# Spring Plans



## raftree3 (Oct 16, 2010)

Here's my deal. I have a small two section loft. Right now I'm using half for breeders and will use the other half to wean my early youngsters in. As time progresses I'll use the whole thing as my young bird loft. So my plan is to build another loft to fly old birds and as a breeding loft. I'm looking for suggestions as I make my plans.


----------



## First To Hatch (Jul 19, 2009)

The loft I'm working on is 10 x 12. I got the outside done but am working on the inside.... the young bird section will be 12 x 4 and then there will be 2 sections that are 4 x 5. One for cocks and one for hens, then during the breeding season I'll open up a 2 ft. sliding door that connects the two sections to make one big 10 x 4 section for breeding. All in all basically I would suggest to make sliding doors between the sections to make it easier, and even bigger. A sliding door would do wonders for widowhood for old birds probably.

Sho


----------



## hillfamilyloft (Jun 22, 2005)

raftree3 said:


> Here's my deal. I have a small two section loft. Right now I'm using half for breeders and will use the other half to wean my early youngsters in. As time progresses I'll use the whole thing as my young bird loft. So my plan is to build another loft to fly old birds and as a breeding loft. I'm looking for suggestions as I make my plans.


Take a look at lovebirds loft. I think it is www.lovebirds.com


----------



## hillfamilyloft (Jun 22, 2005)

Try this again
www.lovebirdsloft.com


----------



## Lu_Funk (Jan 19, 2011)

How sliding doors is always a plus. It gives up more options if you ever need it down the road. Great way to go


----------



## TN_PIGEON (Aug 20, 2010)

Lu_Funk said:


> How sliding doors is always a plus. It gives up more options if you ever need it down the road. Great way to go



I agree (a little off topic, but not too far)
We had a house (human house ) with a few sliding doors. They were great (especially in the small areas of the house like the bathroom). 

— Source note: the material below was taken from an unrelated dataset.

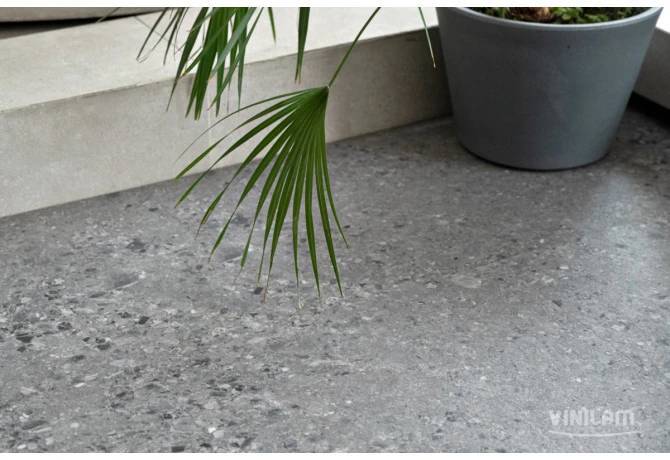 WPC Ламинат Vinilam Ceramo Stone 8/34 4V 71613 Терраццо 940x470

I've always said if I ever build a house I'd like to use sliding/pocket doors in a few spots.


----------



## Andyfitz (May 29, 2010)

TN_PIGEON said:


> I agree (a little off topic, but not too far)
> We had a house (human house ) with a few sliding doors. They were great (especially in the small areas of the house like the bathroom).
> 
> I've always said if I ever build a house I'd like to use sliding/pocket doors in a few spots.


any plans or scetches you have on sliding doors? my loft is 3 sections one 6x8 and 2 5x5. I was thinking about taking out the back hallway and making the 2 sections 5x8 and using sliding doors to get in each section


----------



## TN_PIGEON (Aug 20, 2010)

Andyfitz said:


> any plans or scetches you have on sliding doors? my loft is 3 sections one 6x8 and 2 5x5. I was thinking about taking out the back hallway and making the 2 sections 5x8 and using sliding doors to get in each section


You can buy sliding door kits at local hardware stores.


----------